About this task:
Each line from the one holding "Phashion Kim K" to the last line of the listing must be set down exactly. No pictures are to be included.

Source material:

Segment Open

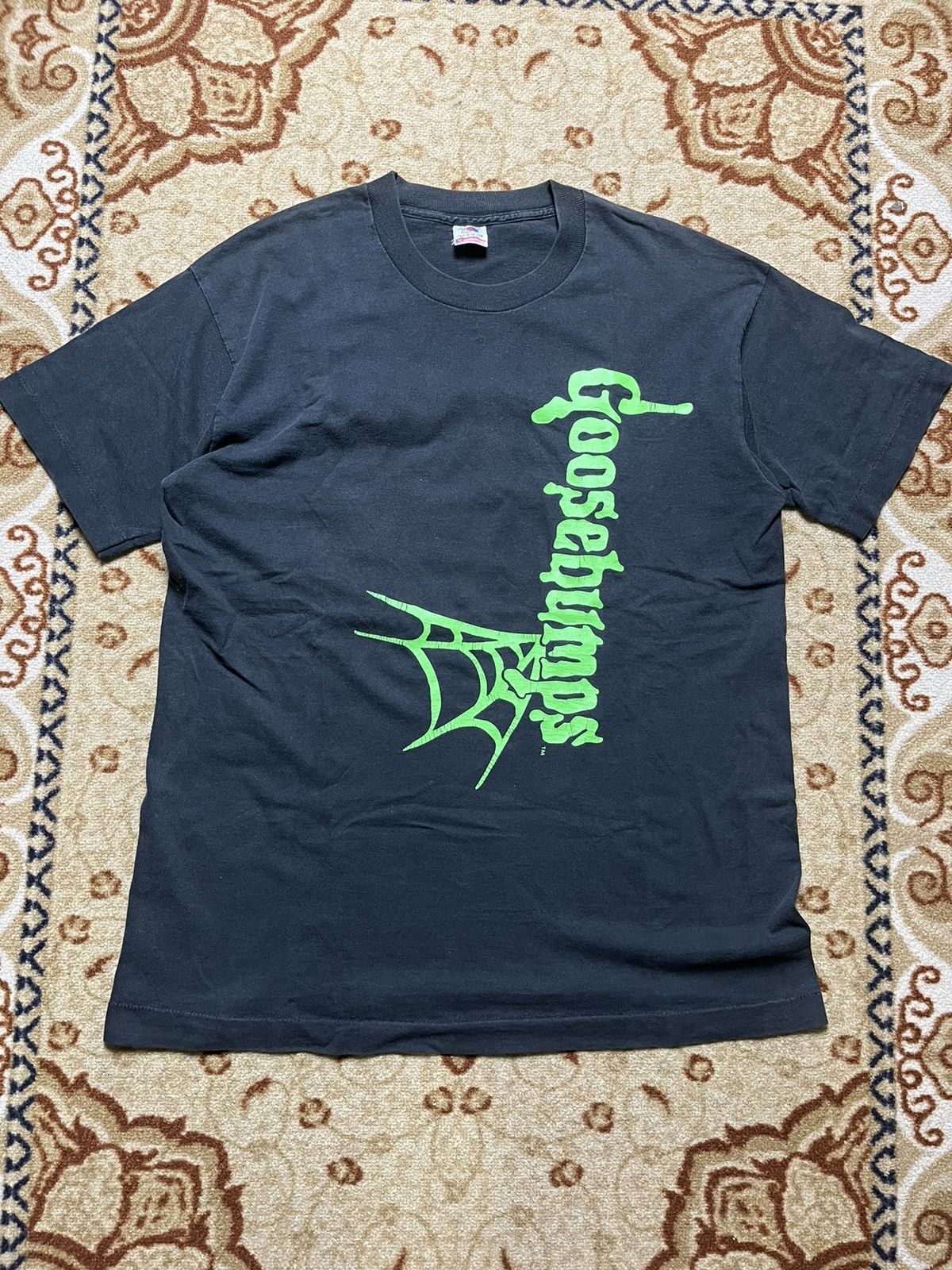 image of Cartoon Network x Movie Vintage Goosebumps 90's Boo Dude! in Black, Men's (Size Large)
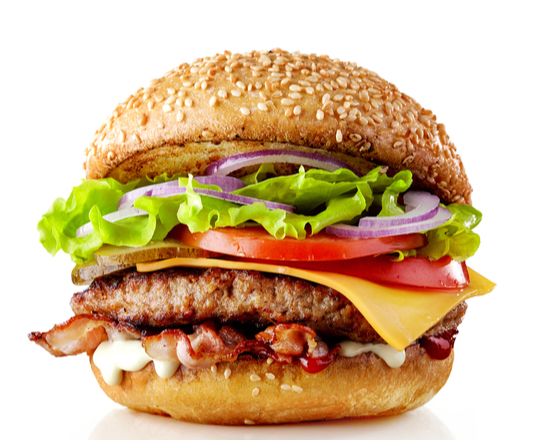 Order The Burger food online from The Burger Blade store, San Antonio on bringmethat.com
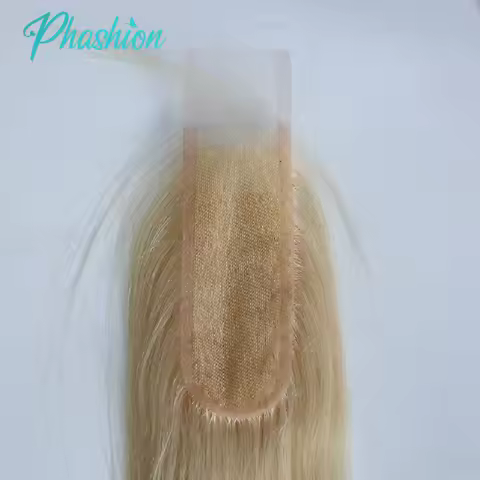 Phashion Kim K 2x6 Blonde Swiss Transparent Lace Closure 613 Straight Body Wave Deep Part Brazilian 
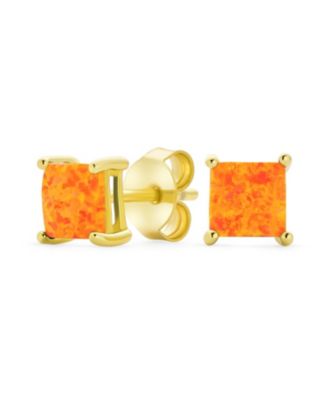 Orange fire opal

Segment Closed

Expected output:
 Phashion Kim K 2x6 Blonde Swiss Transparent Lace Closure 613 Straight Body Wave Deep Part Brazilian 
 Orange fire opal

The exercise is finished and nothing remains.